In those years fishermen even used dynamite. They would throw bait into the water and when the fish came for it out went the dynamite sticks and then they just had to pick up their haul. The commentator in Psarades ke Psaremata remarks that there was a risk to this kind of practice, as is clear where the man throwing the sticks of dynamite has only one arm.

There were also days when nobody could go out to the sea because of strong northerly winds. Then a large group of fishermen might look for sheltered beaches where they could throw a drag-net into the sea, pull it across the sea bottom and haul it on to the beach. After hours of this kind of hard work the catch might be a mere half basket of fish. In the movie they say: the plate of the fisherman is nine times empty, the tenth time it is filled with plenty of fish.

Even in those times there were already trawlers dragging their vast nets along the sea bottom. Nowadays Greek trawlers are even bigger with crews from Egypt spending days at sea.

Nobody here, except tourists, gets very excited these days when the fishing boats come back into harbour. Except last week, half the village went down to Petra harbour when a boat came with a three-and-a-half metre shark alongside. Small sharks in the nets are quite common around Lesvos, but one of this size is a rare sight. It needed a crane to get it out of the water. According to eyewitness Jan Hoekstra, a Dutch tourist: ‘The animal was filleted on the quay and a refrigerated truck was brought to take it away. Those cutting up the fish found it was pregnant with fifty-six little baby sharks. Someone remarked “Good job they caught her, otherwise it would have been very dangerous for snorkellers and tourists!”. Which suggests to me that some Greeks do not know much about wild animals, because this fish Cetorhinus maximus is on the red list of threatened sea beasts, normally swims only in deep waters and eats small fish and plankton.’

I am no hero regarding sharks and I dare not even look at the Jaws movies, because for sure I won’t dare to go for a swim for several days after. When there is such a catch I immediately wonder where was it made. So with shaking hands I opened my internet search engine and typed in ‘sharks in Greece’ fearing that although I know better, I was going to find they are all over Greece.

Well, in the Mediterranean there are forty-six species of sharks of which sixteen can grow to more than three metres and fifteen of which are said to be dangerous.
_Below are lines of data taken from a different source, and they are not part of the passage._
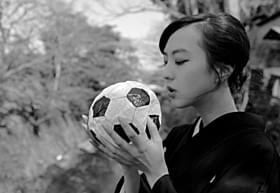 杉野希妃が監督・脚本・主演した「少年の夢」「ブンミおじさんの森」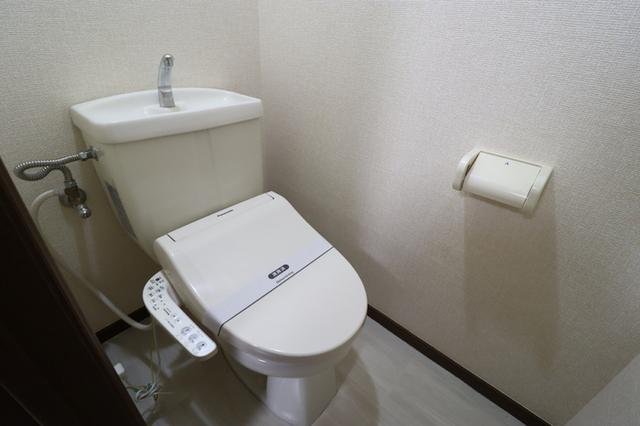 サマックス　プラトー（101） 部屋画像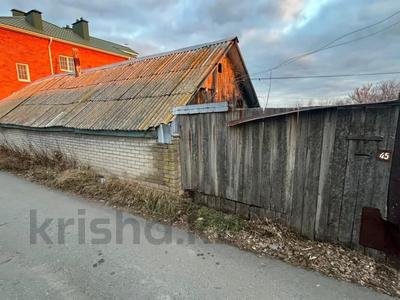 Жер телімі · 12 сотық, Ж.м.Амангельды, ул.Набережная 45, бағасы: 13.3 млн ₸ в Костанае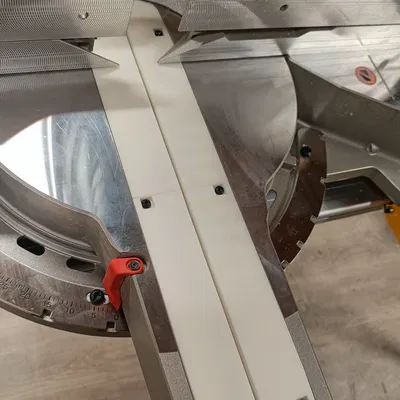 Bộ phận chèn Zero Clearance cho máy cắt DeWalt DWS 780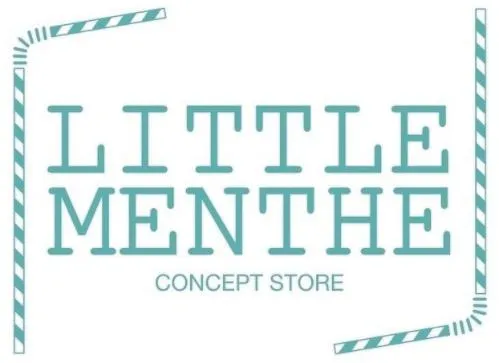 Little Menthe Concept Store est une marque déposée par INSIDE CONCEPT STORE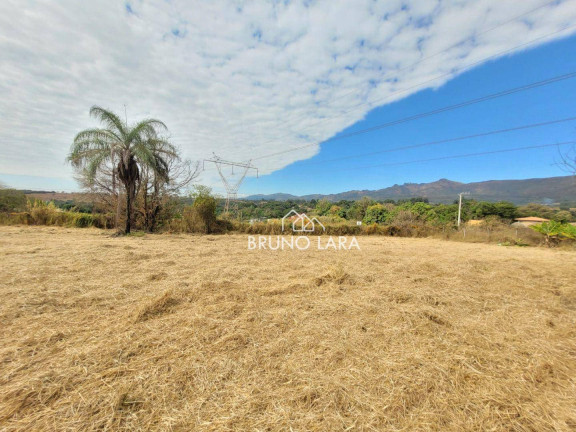 Imagem Terreno para Alugar, 2.000 m² em Residencial Vista Da Serra - Igarapé Imagem Terreno para Alugar, 2.000 m² em Residencial Vista Da Serra - Igarapé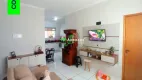 Foto 2 de Apartamento com 2 Quartos à venda, 60m² em Jardim Martins, Franca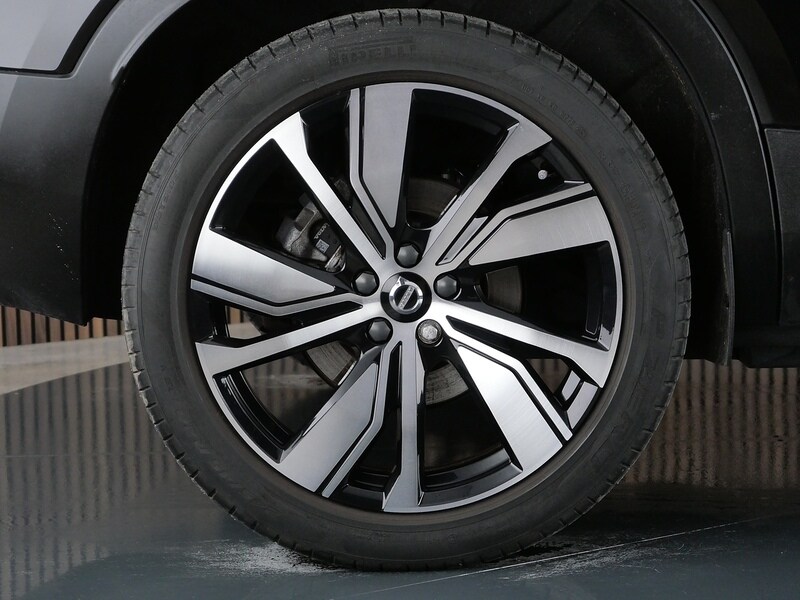 Used Volvo XC40 2022 for sale - 77840658: Photo 44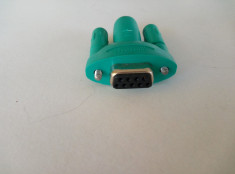 Adaptor mouse PS 2 (943) foto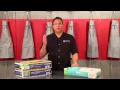 Top 5 Tips for Installing Large Format Tiles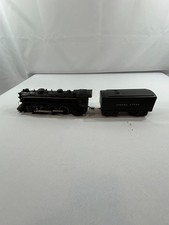 Lionel 1666 steam for sale  Mooresville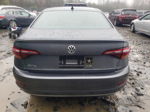 2019 Volkswagen Jetta Sel Gray vin: 3VWE57BU1KM102906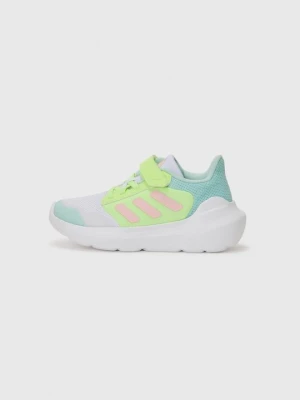 Obuwie do biegania treningowe Adidas biały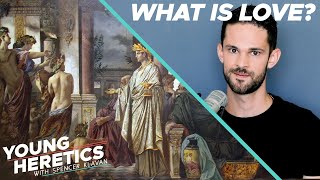 What is Love | Ep. 4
But do not panic: most sharks in Greece are only seen when they are scooped up by fishermen or end up on the plates of those restaurants that serve a small species called Galeos. In all the Mediterranean, encounters between swimmers and sharks are so rare you would think there were no sharks living there at all. The ones that do are not interested in people and – as Jan Hoekstra mentioned above - only want fish or plankton. You have a bigger chance of being stung by a jellyfish than experiencing a bloody attack by a shark.

The movie Psarades ke Psaremata only shows hauls of small fish. Last year Leon Loïsios finished another documentary (for Greek television channel ERT) to update the original 1960 film as a homage to the old fishermen of Molyvos and their ways of fishing, and to show how the majority of fish is now caught by big trawlers. In the new film you can also see Adonis, the cat & dog man of Eftalou who died last year. He is seen cooking food for his brood of animals and going out in his little boat with a bottomless bucket to spot the fish.

Sadly the sight of Adonis fishing has vanished, but there are still plenty of fishing boats moving up and down the coast. The small one-man boats go out for fish to feed the family so I think that the Grigri and Tsetes ‘dances’ belong only to the past. Most old fishermen don’t tell tales of shark catching, so I bet there were very few.